━━━ Input records ━━━

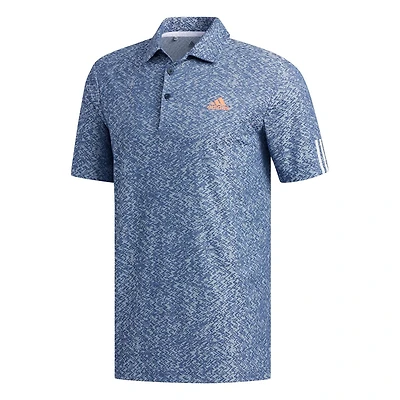 Men's Collection 0 Jacquard Short Sleeve Shirt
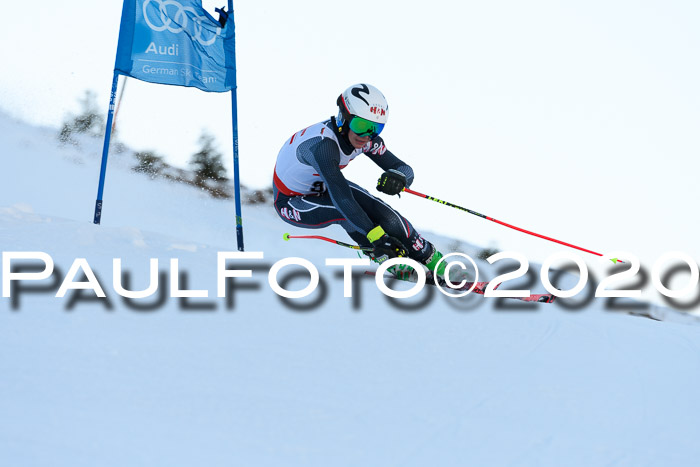 DSV Schülercup U14 V RS 17.01.2020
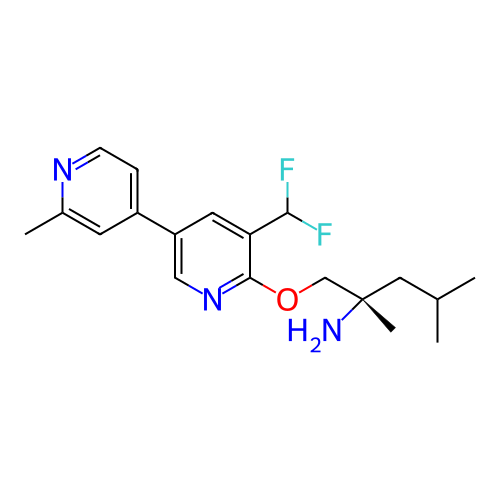Chemical structure of BindingDB Monomer ID 311337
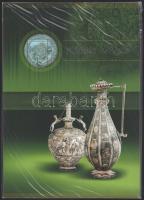 2019 Seuso-kincs (II.) bélyegszett (22.000)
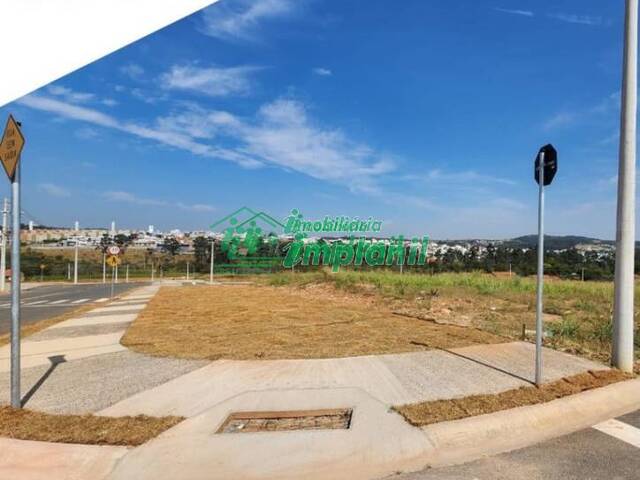 #TEV609 - Terreno em condomínio para Venda em Itupeva - SP
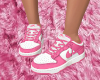 Pink SB's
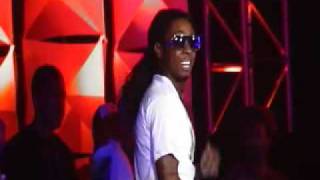 LIL WEEZY LIVE [upl. by Hares242]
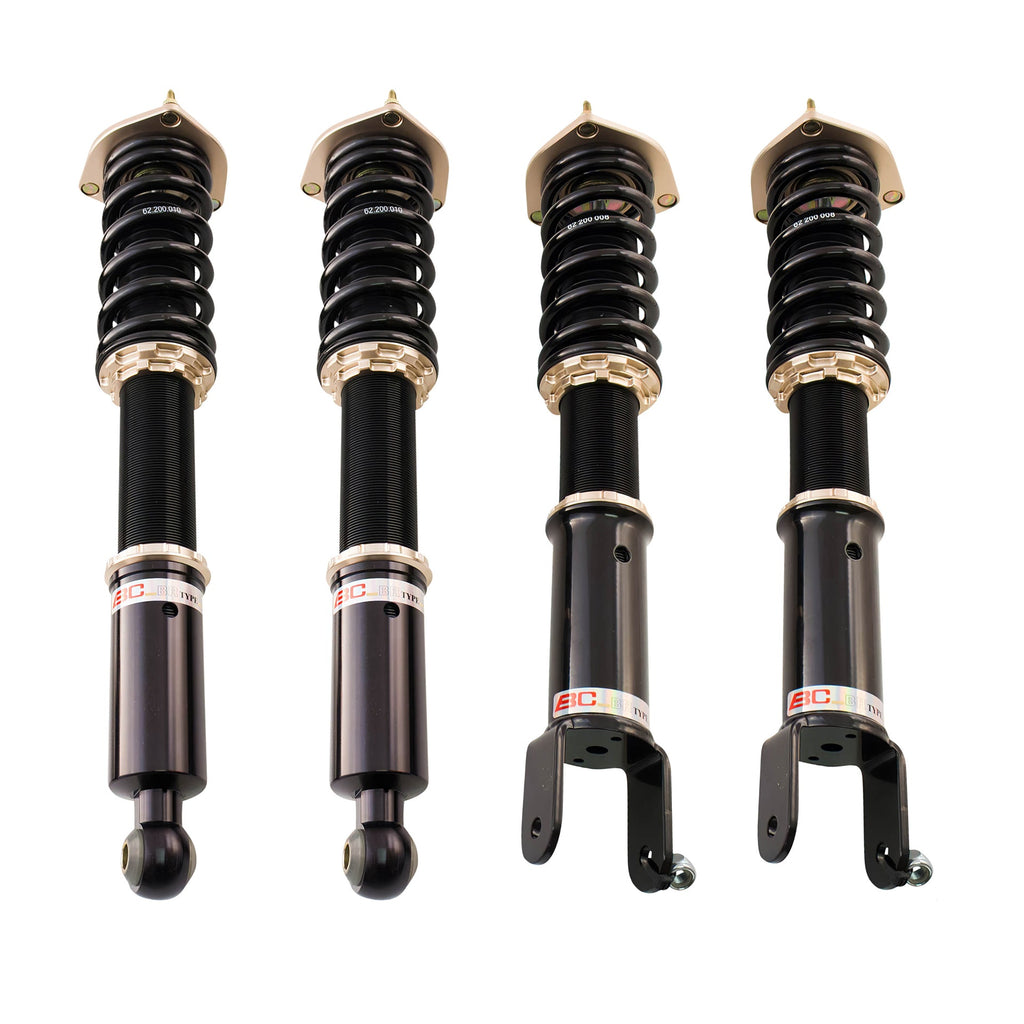BC Racing 14- Infiniti Q50 RWD Eyelet Front Lower Mount (Excludes 2.0t) Coilovers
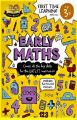 Liberty Books - First Time Learning Maths 3+. 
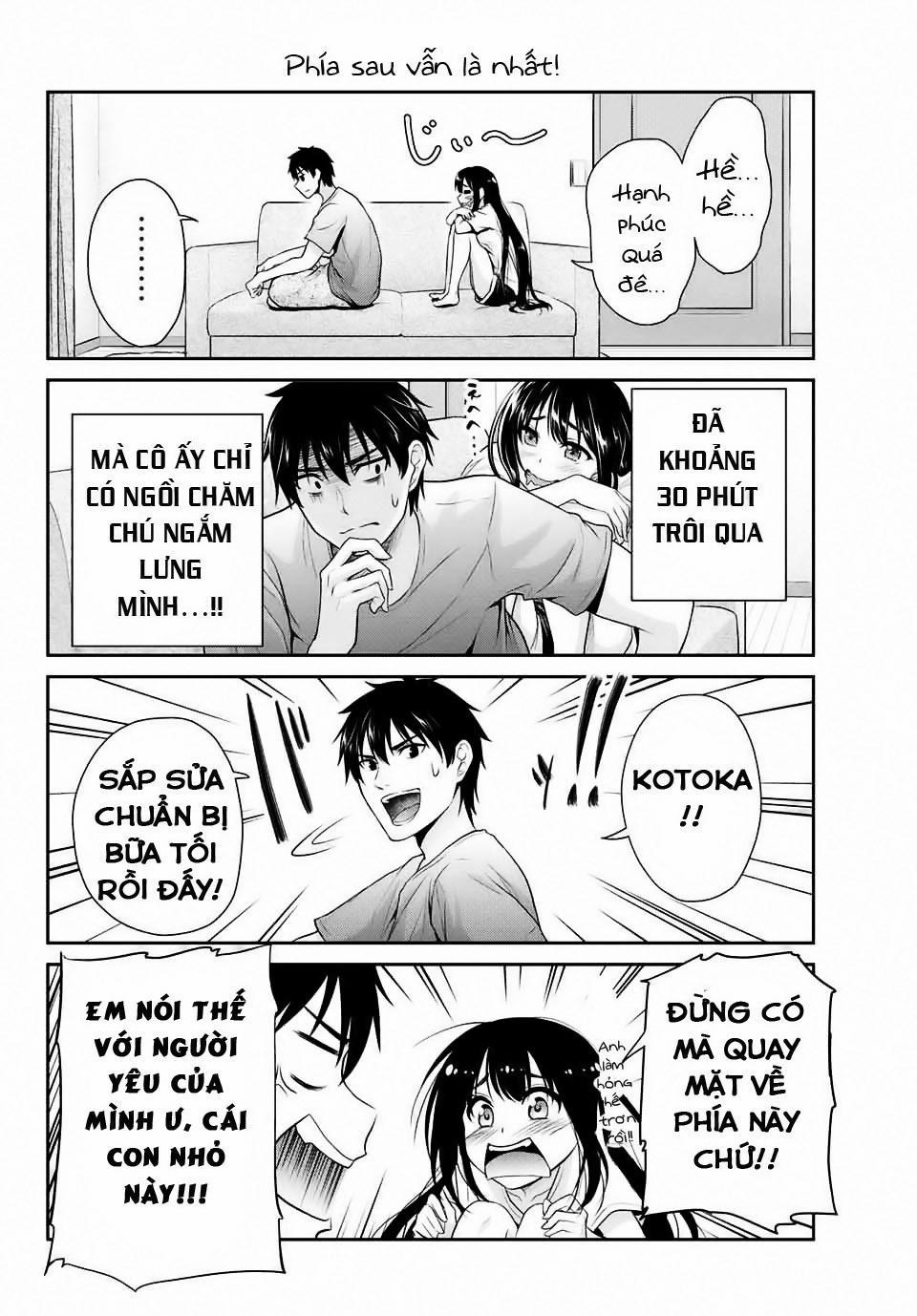 Thứ Mà Đôi Ta Mong Muốn 1 trang 20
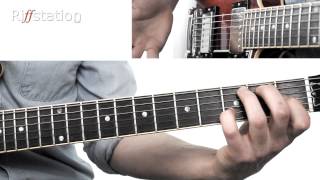 Learning A Delta Blues Guitar Turnaround in 5 Minutes [upl. by Noired571]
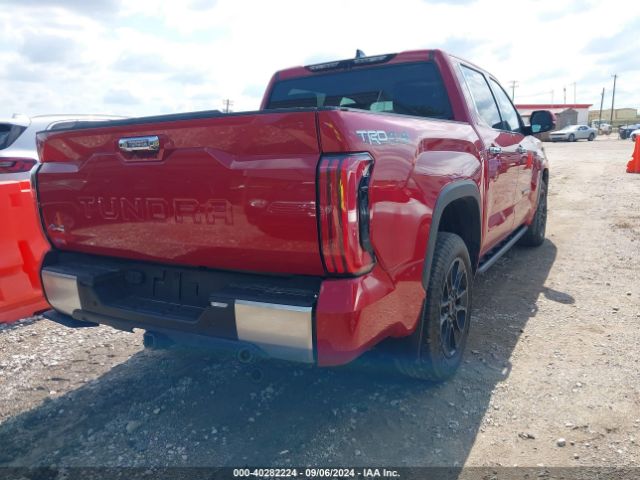 5TFJA5DB9NX004329 Toyota Tundra Limited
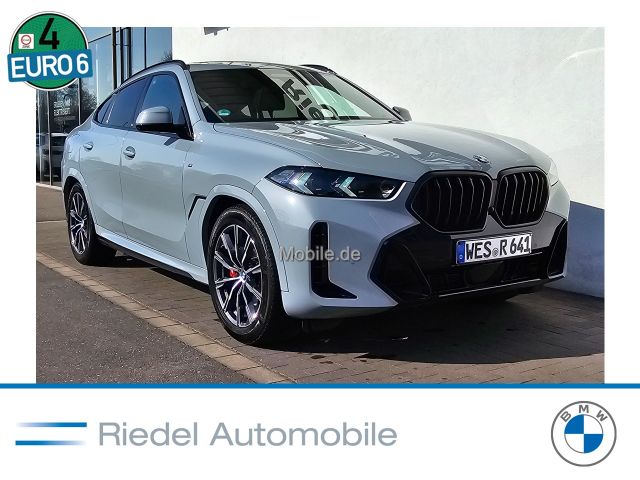 BMW X6 xDrive40d M Sportpaket*Komfortsitze*Pano*AHK*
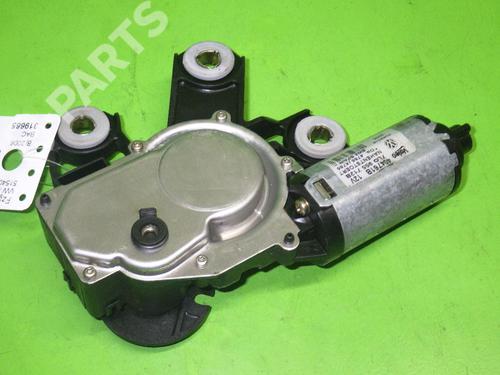 Rear wiper motor VW TOUAREG (7LA, 7L6, 7L7) 2.5 R5 TDI | BP6674915M102 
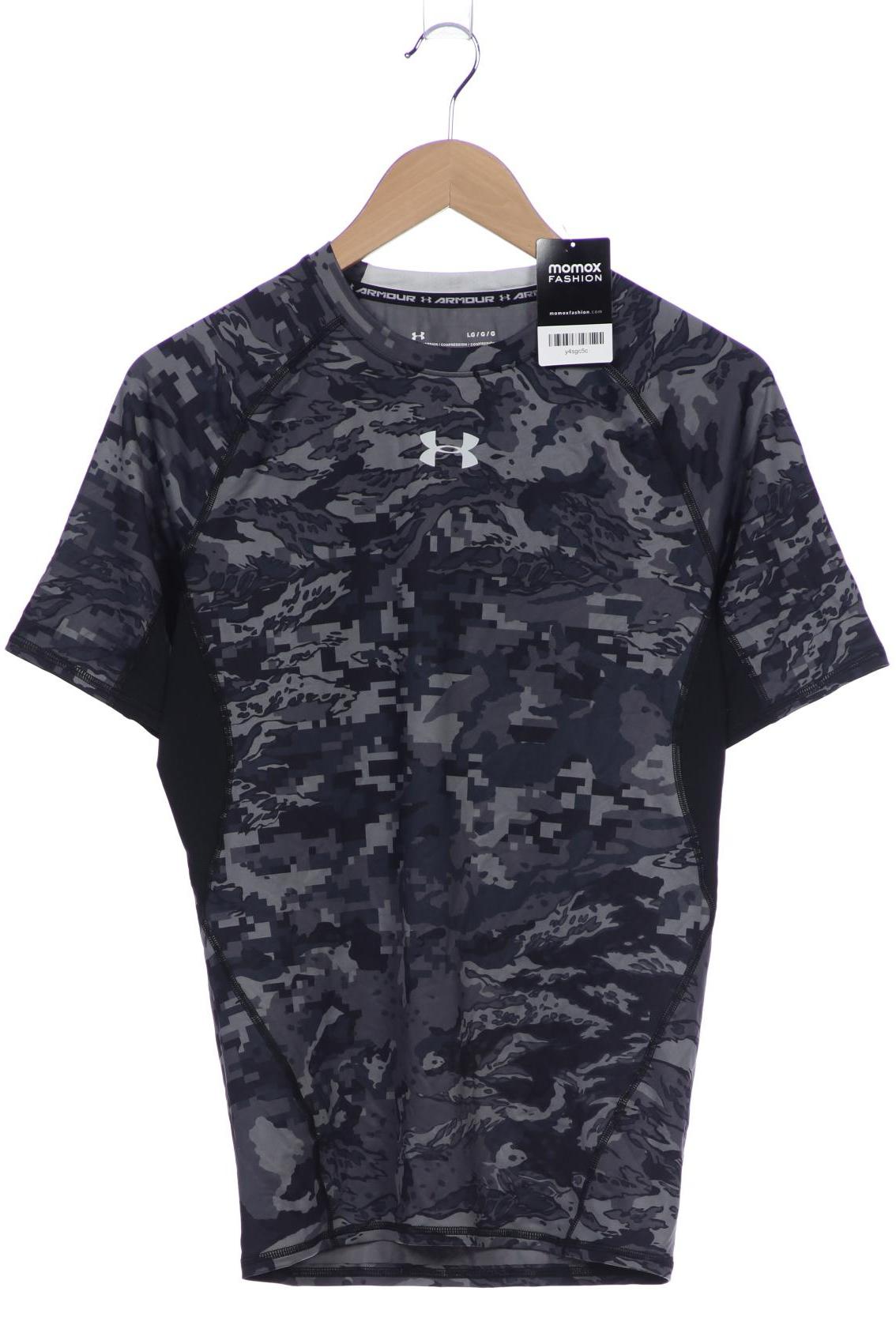 

Under Armour Herren T-Shirt, grau, Gr. 52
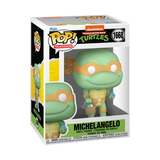 Funko POP! TMNT Michelangelo with Easter Basket Teenage Mutant Ninja Turtles #1668!
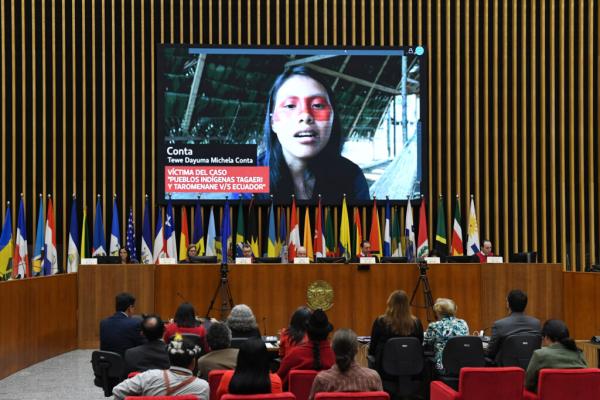 photo of Landmark Ruling on Uncontacted Indigenous Peoples’ Rights Strikes at Oil Industry image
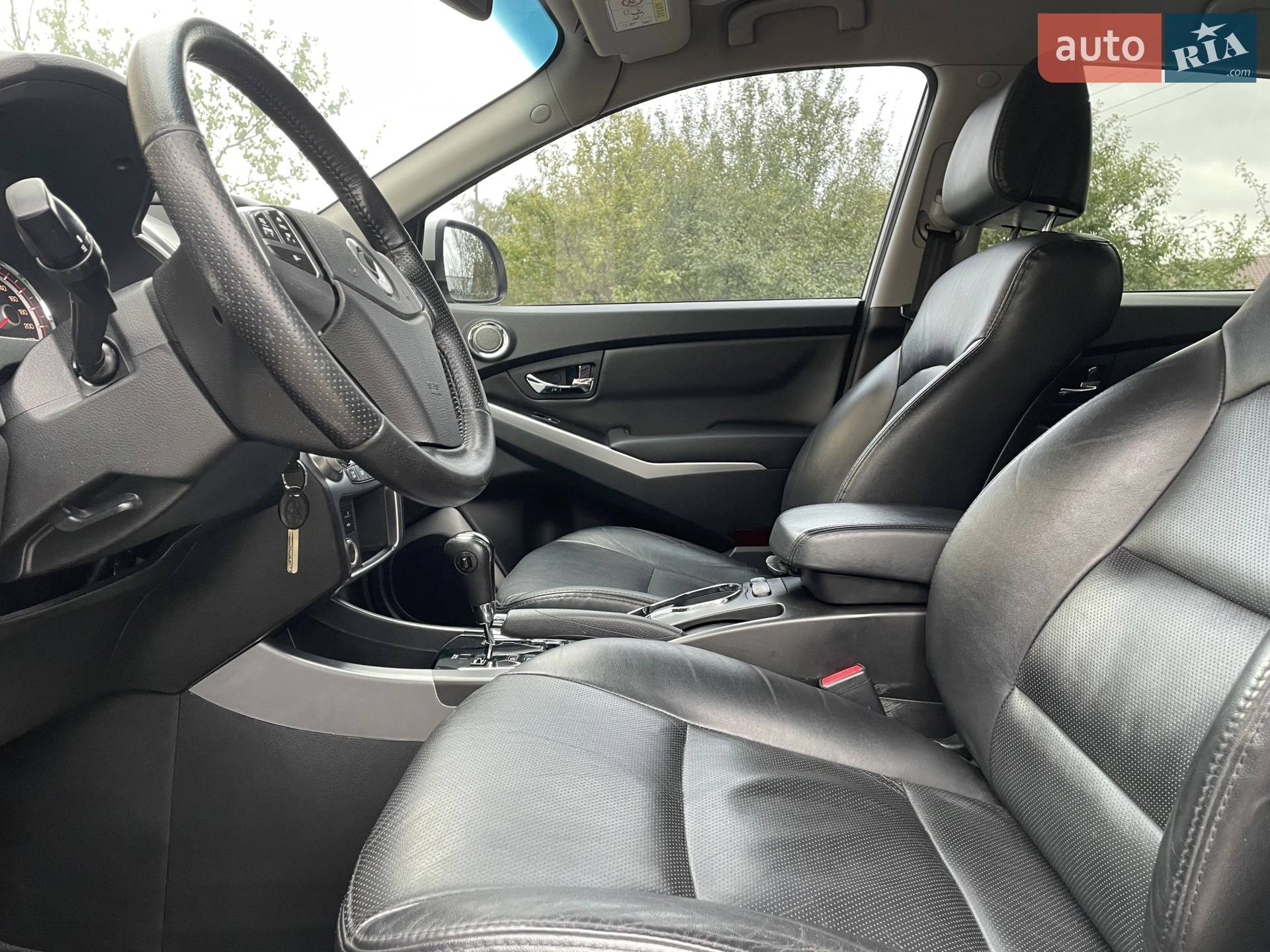 2013 SsangYong Korando - мініатюра 5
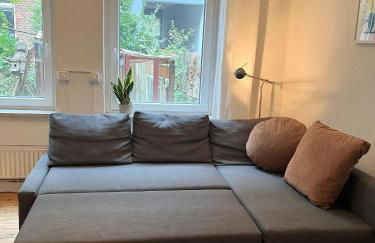 Messe-Apartment in ruhigem Hinterhof Nordstadt - Foto 2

━━━

● What you should do: The lines needed are those from the one containing "Liberty Books - First" through the end of the listing, given again word for word and without any picture.

● Task answer:
 Liberty Books - First Time Learning Maths 3+. 
 Thứ Mà Đôi Ta Mong Muốn 1 trang 20
 Learning A Delta Blues Guitar Turnaround in 5 Minutes [upl. by Noired571]
 5TFJA5DB9NX004329 Toyota Tundra Limited
 BMW X6 xDrive40d M Sportpaket*Komfortsitze*Pano*AHK*
 Rear wiper motor VW TOUAREG (7LA, 7L6, 7L7) 2.5 R5 TDI | BP6674915M102 

Under Armour Herren T-Shirt, grau, Gr. 52
 Funko POP! TMNT Michelangelo with Easter Basket Teenage Mutant Ninja Turtles #1668!
 photo of Landmark Ruling on Uncontacted Indigenous Peoples’ Rights Strikes at Oil Industry image
 2013 SsangYong Korando - мініатюра 5
 Messe-Apartment in ruhigem Hinterhof Nordstadt - Foto 2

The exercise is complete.